By Alex Dalenberg
March 13, 2013
Dad’s post on Oz the Great and Powerful brought back memories of a long-ago family road trip that brought us over the rainbow to Liberal, Kansas.
What’s that? You’ve only heard of arch-conservative Kansas? Well, I haven’t looked at the precinct data, but being that it’s in the far southwest corner of the state, almost bordering Oklahoma, the rural town of Liberal is likely that in name only.
Politics aside, tiny Liberal has attempted to carve out an identity over the years as a kind of Wizard of Oz tourist destination. In 1981, it claimed the mantle of Dorothy’s hometown and was officially recognized as such by none other than the governor of Kansas. If nothing else, it’s a decent pit stop if you’re driving across the interminable Kansas prairie. In the sense that anything is a decent pit stop if you’re driving across the interminable Kansas prairie.
See the attached screen cap from Google Maps, taken from an area just north of Liberal. You get the idea.
We went through Liberal either on a trip to New Mexico. Dad and I both remember the Yellow Brick Road being overgrown; the Scarecrow, Tin-man and Cowardly Lion being off exhibit due to repairs, leaving three metal skeletons in their place; and the only actual relic from the movie being the miniature house shown spinning around in the tornado that whisks Dorothy to Oz.
Given the shape it was in during our visit, probably 10 years ago, Dad kind of doubted that the museum is still there. And he hasn’t seen a roadside billboard for it in years. But an official website is still live and I also tracked it down on Google Street view.
The address: 1-599 Yellow Brick Road, Liberal, KS.
Looks fun, huh?
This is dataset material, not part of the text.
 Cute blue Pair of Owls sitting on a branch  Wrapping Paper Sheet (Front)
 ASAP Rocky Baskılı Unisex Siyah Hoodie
The shed holds a walk-through Oz landscape which I recall as being more than vaguely creepy.
Via the Website:
The Land of OZ consist of 5,000 square feet of animated entertainment – good and bad witches, the Munchkins, talking trees, winged monkeys, and of course, Dorothy, the Scarecrow, Tin Man, the Cowardly Lion, and Toto, too
Dorothy’s house, on the other hand, is a legitimate 1907 farmhouse, which is quite comforting after a hellish voyage through Oz. Maybe this intentional, not every Kansan is happy with the state’s longtime association with the movie. At least according to the Kansas Historical Society, Kansans have long bristled at the film’s depiction of the state as flat and drab.
The sad thing is, Dorothy’s House is not even Liberal’s best tourist attraction. That would be Pancake Day, in which women, ages 25 to 52, race through the frozen streets clutching pancake skillets.
A little more about Liberal, according to the town’s official website:
Residents of Liberal enjoy an unhurried life-style with a cosmopolitan flavor. Golf, swimming, soccer, tennis, polo, fishing, and some of the best pheasant hunting in the country are just a few of the recreational opportunites available.
And this gem.
Everyone enjoys watching the Liberal BeeJays, our local semipro baseball team play opponents from across the nation.
Liberal BeeJays! I guess there really is no place like home!